— EXERCISE GOAL —
What lines of the data hold the string "with"? Copy them all.

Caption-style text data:
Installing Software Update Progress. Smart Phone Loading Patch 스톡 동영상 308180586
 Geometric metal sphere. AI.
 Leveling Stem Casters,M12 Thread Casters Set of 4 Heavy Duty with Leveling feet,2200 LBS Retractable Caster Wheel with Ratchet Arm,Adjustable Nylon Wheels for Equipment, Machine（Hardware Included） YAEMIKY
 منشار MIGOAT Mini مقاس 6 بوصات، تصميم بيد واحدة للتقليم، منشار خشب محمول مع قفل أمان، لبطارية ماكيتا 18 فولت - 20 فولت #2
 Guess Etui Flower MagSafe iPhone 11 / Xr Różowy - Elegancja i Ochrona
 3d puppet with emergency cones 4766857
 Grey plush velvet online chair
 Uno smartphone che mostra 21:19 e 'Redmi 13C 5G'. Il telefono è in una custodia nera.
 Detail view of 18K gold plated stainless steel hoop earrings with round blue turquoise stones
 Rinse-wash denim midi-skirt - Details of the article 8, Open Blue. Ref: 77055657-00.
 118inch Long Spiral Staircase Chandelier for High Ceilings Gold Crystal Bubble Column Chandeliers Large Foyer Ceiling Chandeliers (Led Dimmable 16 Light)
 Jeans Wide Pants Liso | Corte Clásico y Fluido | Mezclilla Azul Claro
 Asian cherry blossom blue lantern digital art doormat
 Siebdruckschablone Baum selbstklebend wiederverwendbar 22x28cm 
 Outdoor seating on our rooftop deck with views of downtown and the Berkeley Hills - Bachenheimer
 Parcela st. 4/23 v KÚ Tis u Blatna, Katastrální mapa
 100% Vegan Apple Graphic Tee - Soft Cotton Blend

— EXERCISE RESPONSE —
 Leveling Stem Casters,M12 Thread Casters Set of 4 Heavy Duty with Leveling feet,2200 LBS Retractable Caster Wheel with Ratchet Arm,Adjustable Nylon Wheels for Equipment, Machine（Hardware Included） YAEMIKY
 3d puppet with emergency cones 4766857
 Detail view of 18K gold plated stainless steel hoop earrings with round blue turquoise stones
 Outdoor seating on our rooftop deck with views of downtown and the Berkeley Hills - Bachenheimer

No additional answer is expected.